Drop the images, then output the listing exactly.

* _EXERCISE DATA_:
◇ ◇ ◇ ◇ ◇

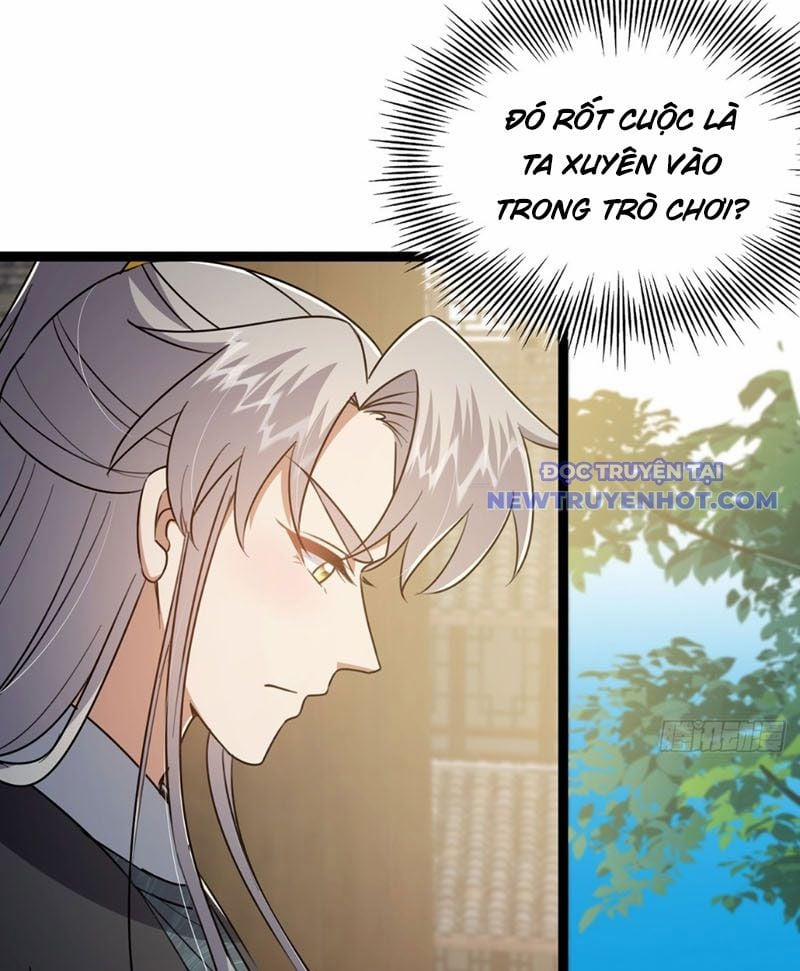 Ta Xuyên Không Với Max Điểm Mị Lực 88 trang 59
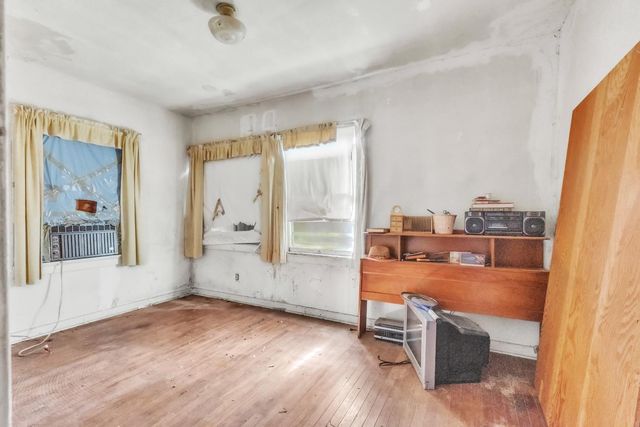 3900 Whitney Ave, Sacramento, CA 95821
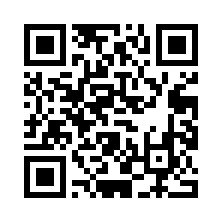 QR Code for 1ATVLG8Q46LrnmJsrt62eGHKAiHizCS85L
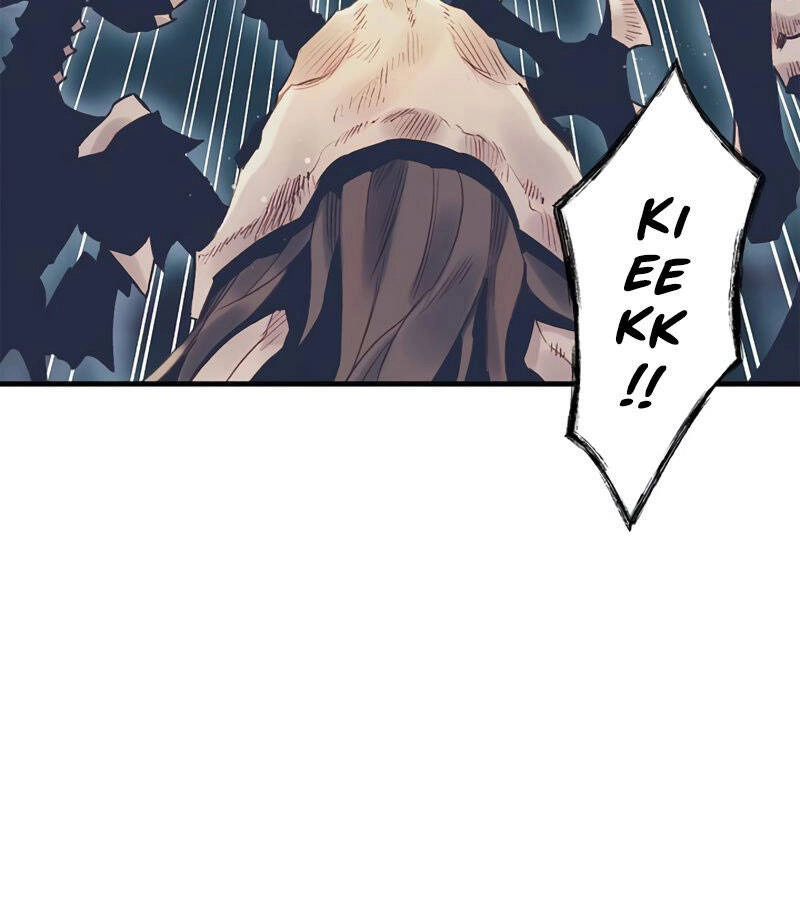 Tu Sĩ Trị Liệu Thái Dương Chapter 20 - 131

◇ ◇ ◇ ◇ ◇

* _RESPONSE_:
 Ta Xuyên Không Với Max Điểm Mị Lực 88 trang 59
 3900 Whitney Ave, Sacramento, CA 95821
 QR Code for 1ATVLG8Q46LrnmJsrt62eGHKAiHizCS85L
 Tu Sĩ Trị Liệu Thái Dương Chapter 20 - 131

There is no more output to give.